Discussion in 'Trading' started by brasiltrader, Nov 20, 2007.

  1. gnome,

    take a look at the % of rydex sectors with assets > 50 day MA...it has fallen from over 85% in late october to 12% now. The flows into bearish funds is hitting two standard deviations from normal - very rare (tempest,ursa,venture,arktos).
     
    #11     Nov 21, 2007
  2. gnome

    gnome

    I'm looking at the Bear Asset vs. Bull Asset Ratio, and it's only about 15% across the range, just up off of lows.
     
    #12     Nov 21, 2007
  3. I see the same gnome; I don't have them all in my favor, but the Rydex indicators I referred to have been very accurate in the past in timing bottoms (more so than tops).
     
    #13     Nov 21, 2007
  4. Agree. We will go MUUUCHHHH higher from here
     
    #14     Nov 21, 2007

  5. The attached chart is a comparison of the SPX gains or losses year to date in 2007, compared to the housing index gains or losses year to date 2007.
     
    #15     Nov 21, 2007
  6. You need to add a little pic of Ben Bernake in a helicopter dumping money over this chart :)
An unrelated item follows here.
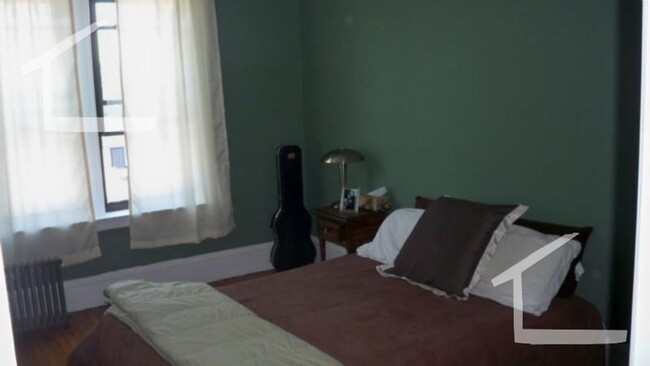 Building Photo - Park Drive 3 Bed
    The pressure is gonna stay on the dollar, but my contention is that increasingly accommodative monetary policy and gobs of liquidity is going to save the market, at least for a trade from these levels.
     
    #16     Nov 21, 2007
  7. poyayan

    poyayan

    As long as US is threatening with real dollar term GDP shrinkage. IE ( Growth - inflation = negative ) It is better to look at commodities or other market with real dollar term GDP growth.

    Basically, no one wants to invest in a stagflation market. At best, you can play defense there.
     
    #17     Nov 21, 2007
  8. This thread is perhaps one of the most useful on this forum.
     
    #18     Nov 21, 2007
  9. I can't disagree with you poyayan, but I still like em for a trade.

    After we rally, and the collective mindset becomes "hey don't fight the fed", I will probably be flat US Equities. My contention is we don't crash lower from here as the current mindset is "the fed is impotent" and the vast majority of market participants have acted on that view already.
     
    #19     Nov 21, 2007
  10. piezoe

    piezoe

    The figure i have seen, don't recall where, is that housing/building/mortgage/ real estate and related is now more than 20% of total economy (i believe it is close to 1/4). That's up from years back and is the reason many are very concerned about the impact of a collapse in that sector and its potential for spill-over into other sectors.. So this is not something to brush off as a likely overreaction. If anything, the market has so far under-reacted to the news.